OPTIMIAL HYPERPARAMETER OPTI-MIZATION MODELS TO GENERATE EFFICIENT ENSEM-BLE DEEP LEARNING

Abstract

Ensemble Deep Learning improves accuracy over a single model by combining predictions from multiple models. It has established itself to be the core strategy for tackling the most difficult problems, like winning Kaggle challenges. Due to the lack of consensus to design a successful deep learning ensemble, we introduce Hyperband-Dijkstra, a new workflow that automatically explores neural network designs with Hyperband and efficiently combines them with Dijkstra's algorithm. This workflow has the same training cost than standard Hyperband running except sub-optimal solutions are stored and are candidates to be selected in the ensemble selection step (recycling).

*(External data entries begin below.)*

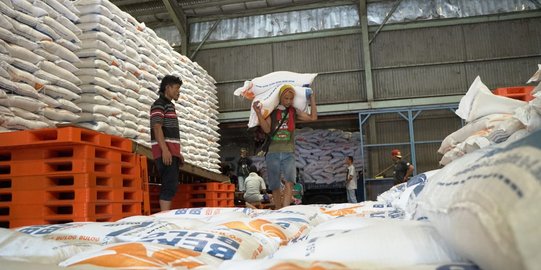 Usai rakor pangan jelang Lebaran, stok beras terpantau aman namun tidak untuk ayam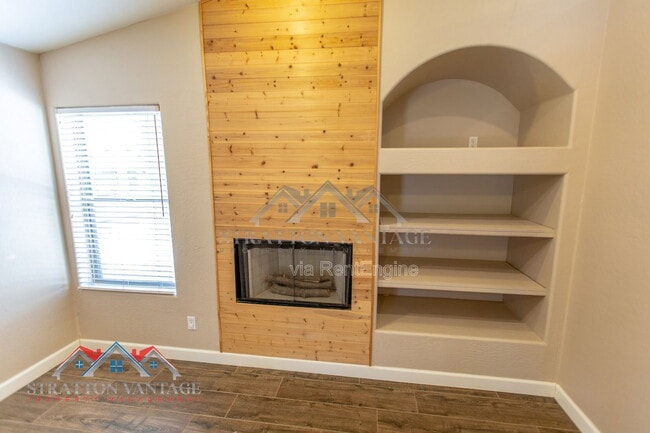 Building Photo - 38414 N 12th St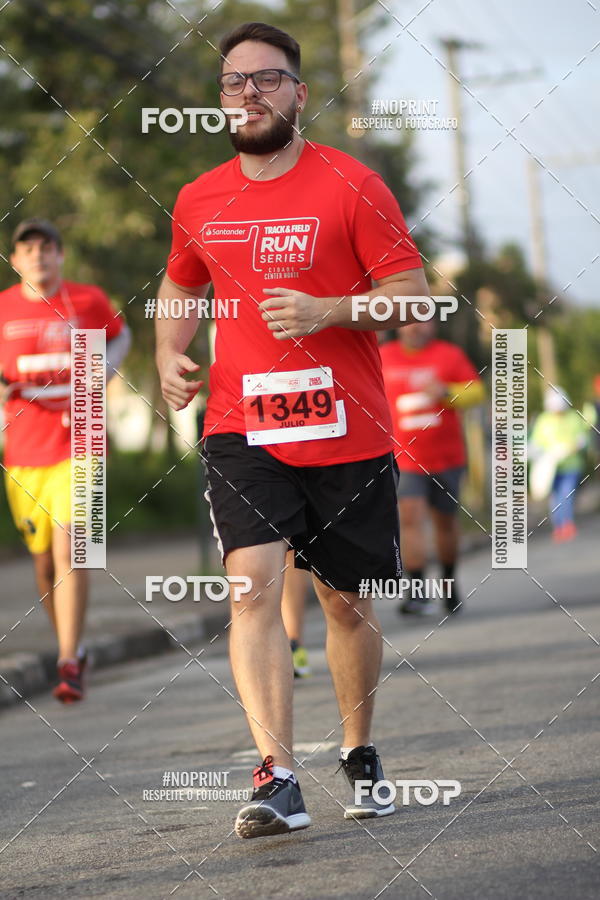 Compre suas fotos do eventoSantander Track&Field Run Series - Cidade Center Norte no Fotop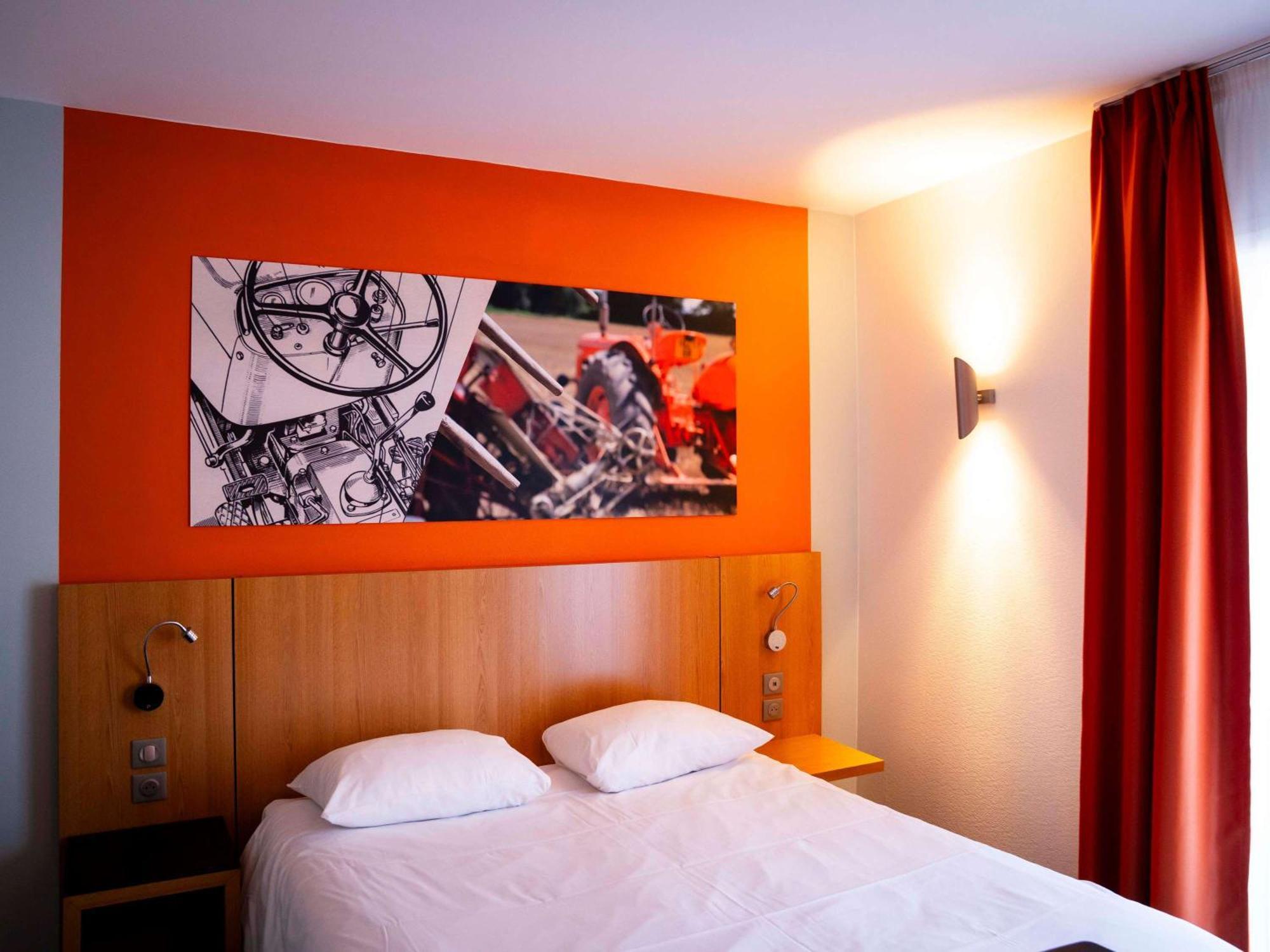 Готель Ibis Styles Bourbon Lancy Екстер'єр фото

Next, to predict on new data, the user gives to Dijkstra the maximum number of models wanted in the ensemble to control the tradeoff between accuracy and inference time. Hyperband is a very efficient algorithm allocating exponentially more resources to the most promising configurations. It is also capable to propose diverse models due to its pure-exploration nature, which allows Dijkstra algorithm with a smart combination of diverse models to achieve a strong variance and bias reduction. The exploding number of possible combinations generated by Hyperband increases the probability that Dijkstra finds an accurate combination which fits the dataset and generalizes on new data. The two experimentation on CIFAR100 and on our unbalanced microfossils dataset show that our new workflow generates an ensemble far more accurate than any other ensemble of any ResNet models from ResNet18 to ResNet152.

1. INTRODUCTION

Ensemble machine learning is a popular method to use predictions and combine them for a successful and optimal classification. In the light of its success in Kaggle competition, all top-5 solutions published in the last seven image recognition challenges use at least one ensemble method. The average and median number of individual models used by ensemble is between 7 and 8. Appendix A summarized these 17 solutions. Despite its recent popularity among practitioners, there is no consensus on how to apply ensemble in the context of deep neural network. The overall work on ensemble Machine Learning (non-deep) was carried out in the 1990s and 2000s. The implementation of Deep Learning on GPU appeared less than 10 years ago. The outbreak of multi-GPU servers allows to effectively train and evaluate many neural networks simultaneously but also deploy ensemble deep architectures. Another recent trend to improve accuracy is the transfer learning or use external similar data source Kolesnikov et al. (2019) . Instead we search a new model-oriented method which can be applied on new kind of problems where no similar dataset exists. Hyperband-Dijkstra is an innovative way to benefit from this increasing computing power. It consists in unifying the two already proven efficient but contradictory approaches: hyperparameter optimization (HPO) and ensemble. First, one explores and trains models until finding the optimal solution and wasting sub-optimal ones while the other one uses a population of trained models to predict more accurately.